BMoE: Equitable Load Balancing in MoE

Updated 7 January 2026

BMoE is a Mixture-of-Experts framework that balances expert activation to prevent routing collapse and under-training.
It employs gradient-free biasing and loss-free load balancing to optimize perplexity while maintaining statistical and hardware efficiency.
Advanced BMoE methods include grouped expert allocation and assignment-constrained strategies, ensuring robust performance in federated and multi-task settings.

A Balanced Mixture-of-Experts (BMoE) is a Mixture-of-Experts (MoE) architecture or training method that ensures equitable distribution of computational and learning load across all experts. Balancing expert utilization is necessary for optimal statistical efficiency, hardware throughput, and to avoid pathological scenarios—such as routing collapse, in which a few experts monopolize the data, leaving others under-trained or idle.

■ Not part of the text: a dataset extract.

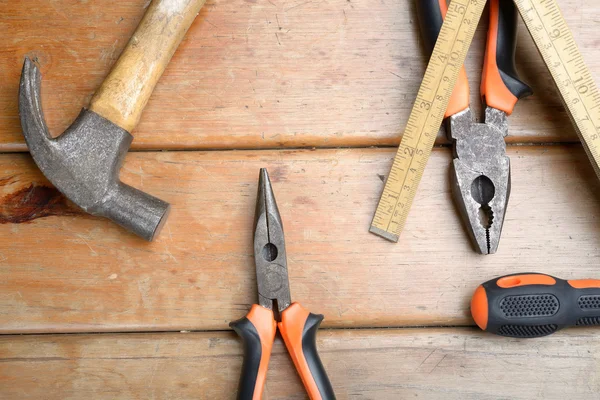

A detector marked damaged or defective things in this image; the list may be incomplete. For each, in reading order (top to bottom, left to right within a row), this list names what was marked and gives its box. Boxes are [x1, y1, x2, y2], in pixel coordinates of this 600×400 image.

rusty pliers [418, 0, 528, 255]
rusty pliers [230, 170, 336, 400]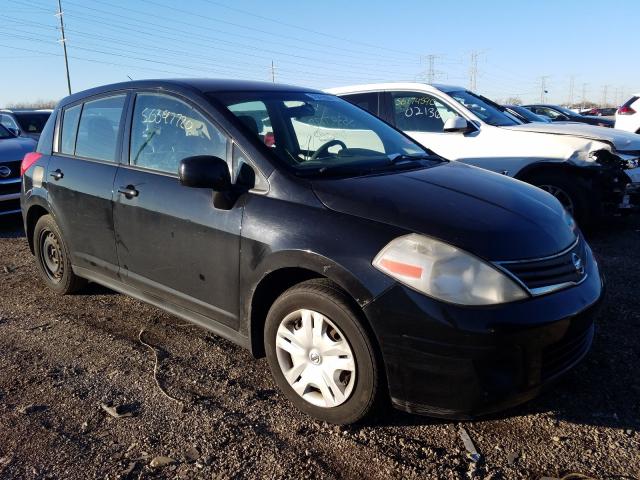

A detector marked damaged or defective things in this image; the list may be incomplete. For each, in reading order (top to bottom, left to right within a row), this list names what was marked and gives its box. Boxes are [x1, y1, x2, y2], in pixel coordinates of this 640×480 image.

damaged white car [328, 83, 636, 226]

Recent research has formalized various BMoE strategies, including gradient-free load balancing via dynamic biasing of routing scores, combinatorial group-based expert allocation, gradient balancing in multi-task settings, optimal assignment strategies in federated learning environments, and unbiased stochastic balancing estimators.

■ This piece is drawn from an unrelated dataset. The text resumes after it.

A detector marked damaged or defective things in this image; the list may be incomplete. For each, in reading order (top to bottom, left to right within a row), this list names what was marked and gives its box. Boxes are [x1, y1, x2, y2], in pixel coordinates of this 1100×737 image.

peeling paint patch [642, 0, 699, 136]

1. Motivations for Balanced Mixture-of-Experts

MoE architectures scale parameter counts by introducing $N$ modular "experts" (usually feed-forward sub-networks), but only activating a small subset (Top- $K$ ) for each token or input. If the routing mechanism is not explicitly balanced, learned or heuristic gates often result in highly uneven expert usage: a small fraction of experts process most tokens, undermining both parameter efficiency and device-level system throughput (Wang et al., 2024, Tang et al., 27 May 2025). This 'routing collapse' has negative implications:

Underutilized experts receive few or no gradient updates, impeding learning.
Overloaded experts become bottlenecks in distributed inference and training.
Hardware parallelization suffers, as expert assignments across devices become skewed.

For multi-task or federated learning, imbalance is exacerbated: tasks or clients may be inherently non-i.i.d., leading to natural load skew without fine-grained routing and global utilization controls (Zhang et al., 28 Dec 2025, Huang et al., 2023). BMoE frameworks explicitly target these issues by guaranteeing or statistically encouraging balanced expert assignments per batch, per device, or per task/client.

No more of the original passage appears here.